March 18, 2022
Hey plant enthusiasts! Happy almost spring in the northern hemisphere or in the southern hemisphere happy fall!
Excited to be starting this year’s class near the beginning of our season for rebirth and renewal or conversely in the south storing up and letting go. Here we have a chance to rekindle or increase our passion for the natural world and plants in particular. This is also an opportunity to collaboratively add to our collective pool of botanical knowledge. This knowledge is a crucial piece to any future sustainability as well as a whole lot of fun when employed appropriately. Grateful you are choosing to spend some of your time with us!

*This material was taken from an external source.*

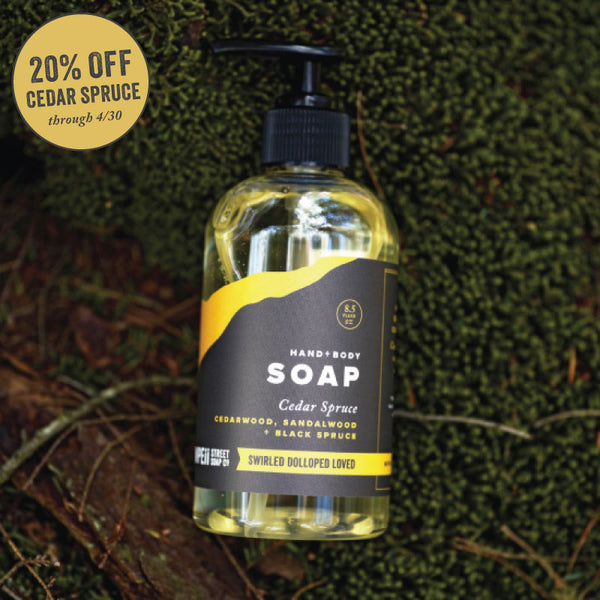 Cedar Spruce Liquid Soap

The text for this class is Botany in a Day 6th ed. by Thomas Elpel (2013). This handy resource covers over 100 families and 1000 genera of plants. The majority of all the common plants and many uncommon ones of the northern temperate world are encompassed at least at the genus and family level. Near the end of this year we will discuss further which families are not covered. The most recent edition has more information and an updated classification reflecting a lot of the changes that have occurred over the last ten to fifteen years. Botany in a Day now mostly conforms with the changes wrought by the Angiosperm Phylogeny Group (APG) (Chase & Reveal, 2009; Group, 2009; Haston, Richardson, Stevens, Chase, & Harris, 2009; The Angiosperm Phylogeny Group, 2016).
You might want to update and pass along your 5th edition (2004) to some person or organization just beginning their botanical journeying. However, the fifth edition will still be serviceable if you find it to be necessary as your textbook for this course. Many other resources are also cited as the classes are posted to prompt and inspire further study and dependability of information.

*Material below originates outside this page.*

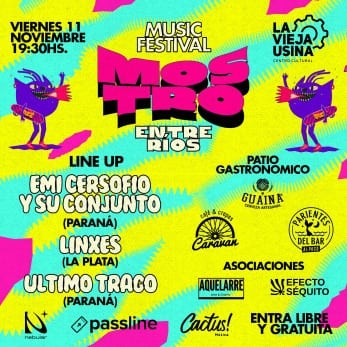 11/11 - MOSTRO MUSIC FESTIVAL ENTRE RÍOS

The online class here is a continuation of a course Frank Cook offered through email for 9 years. Frank passed away over twelve and a half years ago and i have picked up the torch while also bringing this class to a website format. i strive to continue the work of Frank in a proactive way, honoring his past contributions, current inspiration and the evolving needs of our community of plant people. More on Frank can be found under the About Us tab on this website and at www.plantsandhealers.org. The support of numerous friends has allowed both Frank’s work and my own work to continue. Speaking of friends, i tend to capitalize most parts of plant names. My reasoning is that the plants are just as important as people who always have their names capitalized. However, my name and the i that signify me are not capitalized in remembrance of the need for humbleness.
A complimentary and very active Facebook group by the name Botany Everyday has grown to over 16,000 people from around the world! Oh, Life In The Modern Age… (LITMA) for short. Currently photo albums from each of the later classes will still be posted to Facebook. i will be working to move them to a more open platform like Flickr as time goes on and assistance from apprentices is made available. i have many hundreds of hours of my life organizing and annotating them already and to replicate this without help would be very painful for me. Speaking of here is a photo album from this time of year where i live outside Asheville, NC. Would love to see some of your nice and clear pictures too!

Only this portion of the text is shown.